The label control unit 202 can be achieved by a function similar to that of the label control unit 102 shown in FIG. 1. The model generation unit 203 can be achieved by a function similar to that of the model generation unit 103 shown in FIG. 1. Therefore, the model generation device 201 can be achieved by a function similar to that of the model generation device 101 shown in FIG. 1.

Next, the advantageous effect of the model generation device 201 according to the second example embodiment of the present invention will be described.

The model generation device 201 according to the second example embodiment can achieve reduction of a risk of an observation target. The reason for this is that a model generated by the model generation device 201 for the observation target has high discrimination performance, and that results in reduction of the risk of making an incorrect determination about the observation target such as the observation target. The reason for this will be described in detail.
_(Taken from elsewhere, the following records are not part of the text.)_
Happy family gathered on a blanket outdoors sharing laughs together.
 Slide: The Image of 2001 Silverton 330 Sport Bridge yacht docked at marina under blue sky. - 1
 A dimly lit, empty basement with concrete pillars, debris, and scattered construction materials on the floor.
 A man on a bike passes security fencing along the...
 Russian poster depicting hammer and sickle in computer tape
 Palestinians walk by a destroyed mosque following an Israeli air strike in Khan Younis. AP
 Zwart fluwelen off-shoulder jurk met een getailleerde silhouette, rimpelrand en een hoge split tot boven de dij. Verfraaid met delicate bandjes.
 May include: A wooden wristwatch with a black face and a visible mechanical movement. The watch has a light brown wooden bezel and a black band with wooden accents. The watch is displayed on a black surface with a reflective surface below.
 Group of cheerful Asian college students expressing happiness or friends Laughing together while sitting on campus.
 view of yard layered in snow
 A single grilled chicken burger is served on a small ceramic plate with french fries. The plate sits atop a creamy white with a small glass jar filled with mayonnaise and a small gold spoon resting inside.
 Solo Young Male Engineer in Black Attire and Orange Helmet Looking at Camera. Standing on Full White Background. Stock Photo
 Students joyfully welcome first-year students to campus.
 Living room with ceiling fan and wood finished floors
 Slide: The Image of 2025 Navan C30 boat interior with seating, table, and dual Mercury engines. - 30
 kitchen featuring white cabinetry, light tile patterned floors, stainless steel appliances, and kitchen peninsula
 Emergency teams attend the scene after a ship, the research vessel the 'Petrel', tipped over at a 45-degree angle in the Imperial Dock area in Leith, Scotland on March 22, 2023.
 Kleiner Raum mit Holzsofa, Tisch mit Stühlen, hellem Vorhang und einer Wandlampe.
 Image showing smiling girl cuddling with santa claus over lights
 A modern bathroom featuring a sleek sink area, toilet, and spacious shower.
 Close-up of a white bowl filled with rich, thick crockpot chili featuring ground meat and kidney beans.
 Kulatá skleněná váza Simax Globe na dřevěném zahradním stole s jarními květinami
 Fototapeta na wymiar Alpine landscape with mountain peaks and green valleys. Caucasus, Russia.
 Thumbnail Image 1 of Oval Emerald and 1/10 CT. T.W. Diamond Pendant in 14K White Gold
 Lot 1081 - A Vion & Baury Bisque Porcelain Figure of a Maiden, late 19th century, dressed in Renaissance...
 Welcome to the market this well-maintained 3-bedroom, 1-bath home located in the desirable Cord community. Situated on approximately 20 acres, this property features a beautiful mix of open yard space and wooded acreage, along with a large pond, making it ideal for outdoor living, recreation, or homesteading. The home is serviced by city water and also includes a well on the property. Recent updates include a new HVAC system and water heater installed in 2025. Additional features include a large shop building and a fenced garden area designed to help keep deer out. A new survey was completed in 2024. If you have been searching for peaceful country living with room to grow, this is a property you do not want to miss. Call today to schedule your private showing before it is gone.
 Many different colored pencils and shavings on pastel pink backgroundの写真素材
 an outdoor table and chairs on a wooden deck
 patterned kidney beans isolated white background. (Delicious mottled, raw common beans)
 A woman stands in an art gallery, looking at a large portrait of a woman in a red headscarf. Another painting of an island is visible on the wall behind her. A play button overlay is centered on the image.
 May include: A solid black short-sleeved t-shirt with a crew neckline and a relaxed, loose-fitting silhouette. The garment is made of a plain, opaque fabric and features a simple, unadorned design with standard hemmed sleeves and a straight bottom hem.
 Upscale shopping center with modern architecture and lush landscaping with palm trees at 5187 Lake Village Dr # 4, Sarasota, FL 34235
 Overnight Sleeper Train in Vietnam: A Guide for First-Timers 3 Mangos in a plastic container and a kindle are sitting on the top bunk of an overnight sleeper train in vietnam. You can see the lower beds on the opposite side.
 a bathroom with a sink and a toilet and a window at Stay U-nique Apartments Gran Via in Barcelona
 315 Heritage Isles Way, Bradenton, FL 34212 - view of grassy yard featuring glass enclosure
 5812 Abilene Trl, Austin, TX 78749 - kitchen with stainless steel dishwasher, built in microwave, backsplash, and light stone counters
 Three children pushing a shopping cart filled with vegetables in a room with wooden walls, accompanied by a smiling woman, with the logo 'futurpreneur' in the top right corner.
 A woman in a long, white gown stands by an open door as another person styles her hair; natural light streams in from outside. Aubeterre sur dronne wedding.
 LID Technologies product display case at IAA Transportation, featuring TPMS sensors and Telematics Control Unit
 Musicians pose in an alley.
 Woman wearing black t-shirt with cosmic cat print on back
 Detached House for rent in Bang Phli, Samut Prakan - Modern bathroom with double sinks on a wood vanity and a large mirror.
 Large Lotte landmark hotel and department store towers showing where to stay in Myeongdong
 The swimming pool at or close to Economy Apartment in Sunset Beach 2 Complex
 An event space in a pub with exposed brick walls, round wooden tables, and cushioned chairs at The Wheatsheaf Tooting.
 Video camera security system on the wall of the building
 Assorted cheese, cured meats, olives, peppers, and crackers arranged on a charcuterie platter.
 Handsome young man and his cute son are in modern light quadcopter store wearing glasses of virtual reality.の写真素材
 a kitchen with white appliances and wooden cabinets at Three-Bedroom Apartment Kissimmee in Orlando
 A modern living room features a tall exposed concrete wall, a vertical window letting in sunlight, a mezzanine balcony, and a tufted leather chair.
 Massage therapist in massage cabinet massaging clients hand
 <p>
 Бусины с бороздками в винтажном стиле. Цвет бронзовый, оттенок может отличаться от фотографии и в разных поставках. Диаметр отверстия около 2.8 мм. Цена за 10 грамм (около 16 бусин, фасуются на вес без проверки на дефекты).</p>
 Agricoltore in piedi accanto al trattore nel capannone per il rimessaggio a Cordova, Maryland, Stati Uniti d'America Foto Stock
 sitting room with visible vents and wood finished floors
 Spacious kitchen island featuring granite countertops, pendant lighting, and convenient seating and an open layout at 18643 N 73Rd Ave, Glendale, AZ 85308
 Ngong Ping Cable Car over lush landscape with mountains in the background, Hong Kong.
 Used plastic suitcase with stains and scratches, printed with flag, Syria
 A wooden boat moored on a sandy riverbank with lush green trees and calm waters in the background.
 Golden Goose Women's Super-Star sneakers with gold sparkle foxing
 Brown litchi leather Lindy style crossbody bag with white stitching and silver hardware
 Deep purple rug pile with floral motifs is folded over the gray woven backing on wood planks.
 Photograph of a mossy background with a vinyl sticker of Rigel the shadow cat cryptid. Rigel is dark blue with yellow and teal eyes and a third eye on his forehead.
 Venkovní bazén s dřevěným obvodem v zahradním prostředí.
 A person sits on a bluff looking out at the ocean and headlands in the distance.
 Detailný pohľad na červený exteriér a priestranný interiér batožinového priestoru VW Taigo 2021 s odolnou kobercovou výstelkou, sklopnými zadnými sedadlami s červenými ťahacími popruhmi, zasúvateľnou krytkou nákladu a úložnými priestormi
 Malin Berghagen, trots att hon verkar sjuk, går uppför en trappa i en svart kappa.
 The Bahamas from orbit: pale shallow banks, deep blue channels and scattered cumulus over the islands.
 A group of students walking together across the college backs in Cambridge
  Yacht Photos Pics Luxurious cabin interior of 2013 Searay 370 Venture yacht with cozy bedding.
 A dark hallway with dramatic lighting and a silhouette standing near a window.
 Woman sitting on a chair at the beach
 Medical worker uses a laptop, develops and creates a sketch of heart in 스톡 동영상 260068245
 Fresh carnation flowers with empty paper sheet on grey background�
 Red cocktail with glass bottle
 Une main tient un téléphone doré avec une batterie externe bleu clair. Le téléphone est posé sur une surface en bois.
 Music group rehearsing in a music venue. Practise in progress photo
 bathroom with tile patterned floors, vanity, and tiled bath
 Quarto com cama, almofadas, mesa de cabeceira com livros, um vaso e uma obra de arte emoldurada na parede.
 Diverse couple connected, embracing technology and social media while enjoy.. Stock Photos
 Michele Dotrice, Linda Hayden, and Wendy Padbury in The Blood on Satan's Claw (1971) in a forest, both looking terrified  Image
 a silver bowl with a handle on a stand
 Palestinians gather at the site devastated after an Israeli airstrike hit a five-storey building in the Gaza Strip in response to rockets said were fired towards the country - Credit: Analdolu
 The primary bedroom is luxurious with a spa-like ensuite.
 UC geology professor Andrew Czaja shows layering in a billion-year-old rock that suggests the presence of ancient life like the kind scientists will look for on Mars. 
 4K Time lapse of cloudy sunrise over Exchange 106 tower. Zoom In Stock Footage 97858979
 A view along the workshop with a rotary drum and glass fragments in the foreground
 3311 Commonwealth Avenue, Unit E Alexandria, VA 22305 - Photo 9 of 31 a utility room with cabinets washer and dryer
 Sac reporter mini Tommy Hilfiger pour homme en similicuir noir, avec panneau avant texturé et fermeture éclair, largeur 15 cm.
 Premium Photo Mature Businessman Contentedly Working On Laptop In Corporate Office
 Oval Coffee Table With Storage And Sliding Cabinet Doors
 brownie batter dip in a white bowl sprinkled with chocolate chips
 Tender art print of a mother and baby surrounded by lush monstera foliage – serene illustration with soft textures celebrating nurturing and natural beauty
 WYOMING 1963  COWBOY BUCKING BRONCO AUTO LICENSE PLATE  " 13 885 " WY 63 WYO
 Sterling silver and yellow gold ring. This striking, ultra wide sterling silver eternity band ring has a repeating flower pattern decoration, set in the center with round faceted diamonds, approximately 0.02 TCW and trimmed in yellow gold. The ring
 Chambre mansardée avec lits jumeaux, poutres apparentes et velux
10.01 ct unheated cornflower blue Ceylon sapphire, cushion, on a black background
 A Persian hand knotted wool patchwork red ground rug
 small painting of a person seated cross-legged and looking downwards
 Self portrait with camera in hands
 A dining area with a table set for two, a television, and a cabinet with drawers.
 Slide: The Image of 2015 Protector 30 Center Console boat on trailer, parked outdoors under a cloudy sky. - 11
When scale of a target event occurring in an observation target is small or when it is difficult to determine whether the target event is occurring, incorrect determination on whether the target event is occurring may happen. When a model for determining whether the target event is occurring in the observation target is generated by a machine learning technique, the model is generated based on the data including incorrect data in the determination. Therefore, it is likely that the generated model has a low discrimination performance.

The inventors of the present application have found a regularity that when an observation target has been observed in a series of observation environments, in the observation environments similar to each other, it is likely that the same event is occurring in the observation target. Therefore, the inventors of the present application have found a regularity that the data observed in the observation environments is likely to be assigned with labels indicating that the event is occurring. The model generation device 201 performs the processing described above with reference to FIG. 2 based on the regularity. As a result, the model generation device 201 assigns similar labels to pieces of data observed in observation environments that are similar to each other. Therefore, even if a label includes an incorrect label, the model generation device 201 can update the incorrect label based on the observation information. Therefore, the model generation device 201 can generate a model having high discrimination performance. In other words, the model generation device 201 reduces the risk of making incorrect determination with respect to the observation target such as the observation target.

(Hardware Configuration Example)

A configuration example of hardware resources that achieve a model generation device according to each example embodiment of the present invention using a computer processing device (information processing device, computer) will be described. However, the model generation device may be achieved using physically or functionally at least two calculation processing devices. Further, the model generation device may be achieved as a dedicated device.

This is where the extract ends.